Meu artigo de opinião no Público de hoje na imagem Marcelo Rebelo de Sousa condecora Carlos Avilez, director do Teatro Experimental de Cascais, no Dia Mundial do Teatro):
O Orçamento de Estado (OE) de 2018
está cheio de retórica no que respeita à cultura. Sobre as artes reza assim: “Consolidar
e incrementar progressivamente os apoios (…); investir na estabilidade e no
crescimento dos projetos de programação e aposta na criação e difusão; combate
às assimetrias territoriais e promoção da diversidade artística.” Está, porém,
vazio de dinheiro, como revela a anunciada retirada de apoio do Ministério da
Cultura a um grande número de instituições artísticas com provas dadas, espalhadas
pelo país. O Ministério da Cultura só tem no OE 215 milhões de euros, não
considerando a comunicação social, onde avulta a RTP (como se sabe, pouco dada
à cultura). Essa verba representa uns pífios 0,1% do PIB. Deve ser comparada
com os 450 milhões que o governo vai colocar este ano no Novo Banco a somar à
enormidade que já lá colocou. E pouca diferença faz o reforço, recentemente
anunciado pelo primeiro ministro, de 1,5 milhões. Era claro que o OE da cultura
não ia chegar: só passou um trimestre e já se concluiu que não chega.
Falando apenas de teatro, estão, na prática, a
ser asfixiadas, por retirada do oxigénio, companhias como, em Cascais, o Teatro
Experimental (cujo líder, Carlos Avilez, soube da sufocação dois dias depois de
ter sido condecorado); em Coimbra, a
Escola da Noite e o Teatrão (duas das companhias profissionais da cidade),
na Covilhã o Teatro das Beiras; em
Évora, o Centro Dramático (CENDREV); e, no Porto, o Teatro
Experimental, a Seiva Trupe, o Festival Internacional de Marionetas e o
Festival Internacional de Teatro de Expressão Ibérica (FITEI). É uma tragédia!

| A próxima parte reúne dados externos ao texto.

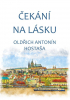 public://cover/cover_202690.jpg
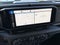 2027 Jeep Wrangler WRANGLER 4-DOOR RUBICON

Bem podem dizer que os resultados do concurso da Direcção Geral das Artes são
provisórios, que o suplemento ainda poderá salvar alguns dos anunciados defuntos,
mas o mal já está feito, ao ignorar o mérito, granjeado ao longo de muitos anos,
por essas companhias (sei do que estou a falar pois assisti a excelentes
espectáculos delas, em especial das de Coimbra). O governo da geringonça está a
tentar fazer, como o governo de Passos Coelho tentou fazer na ciência, uma “poda”
nas artes. Na ciência o PSD e CDS queriam extinguir 50% dos centros de investigação,
concentrando os apoios em Lisboa. Nas artes teatrais o governo do PS (apoiado
pelo PCP e pelo BE) anunciou o corte de 44% dos projectos, concentrando também
os apoios na capital. Receio que, tal como na ciência no tempo da troika, a avaliação não seja séria,
tendo-se apenas montado um cruel sistema burocrático para excluir cerca de
metade.
Compreender-se-á melhor a relação entre o
Ministério da Cultura e o teatro se se lembrar que a directora regional de
Cultura do Centro elogiou recentemente uma companhia de Leiria por esta “não incomodar
a administração central" (PÚBLICO, 26/3). Segundo o encenador da Escola da
Noite, a directora não se deixa incomodar, pois "não aparece, não vê,
nunca se interessou". Representa bem a incultura do Estado. Estou atento à
cultura em Coimbra, onde fica a tal Direcção Regional, e não sei quem é nem o
que faz a responsável, que, com as suas irresponsáveis declarações, mais não
fez do que legitimar a actual hecatombe nas artes. Estranhamente o ministro ainda
a mantém no cargo.
O investimento do governo PS em cultura é, de
facto, muito "poucochinho". Por exemplo, o conjunto das autarquias investe
no sector praticamente o dobro do governo central. Espera-se, por isso, que os
governos das cidades afectadas ajudem, na presente emergência, os deserdados do
Ministério da Cultura, não só secundando os justos protestos junto da
administração central, mas também assegurando financiamentos complementares que
minorem as “assimetrias territoriais” reconhecidas pelo OE. As autarquias devem
incomodar o governo e sentir elas próprias o incómodo. Não colhe o argumento da
subsidiodependência pois só um Estado inculto não investe em cultura. A
cultura, aqui como noutros países, depende criticamente de apoios estatais, não
sendo uma questão entre agentes culturais e públicos. O actor Nunes Lopes
resumiu tudo na recente atribuição dos prémios do cinema português, transmitida
a horas mortas na RTP2: “A cultura é uma responsabilidade do Estado. Juntem-se
a nós e façam a vossa parte, senhores governantes."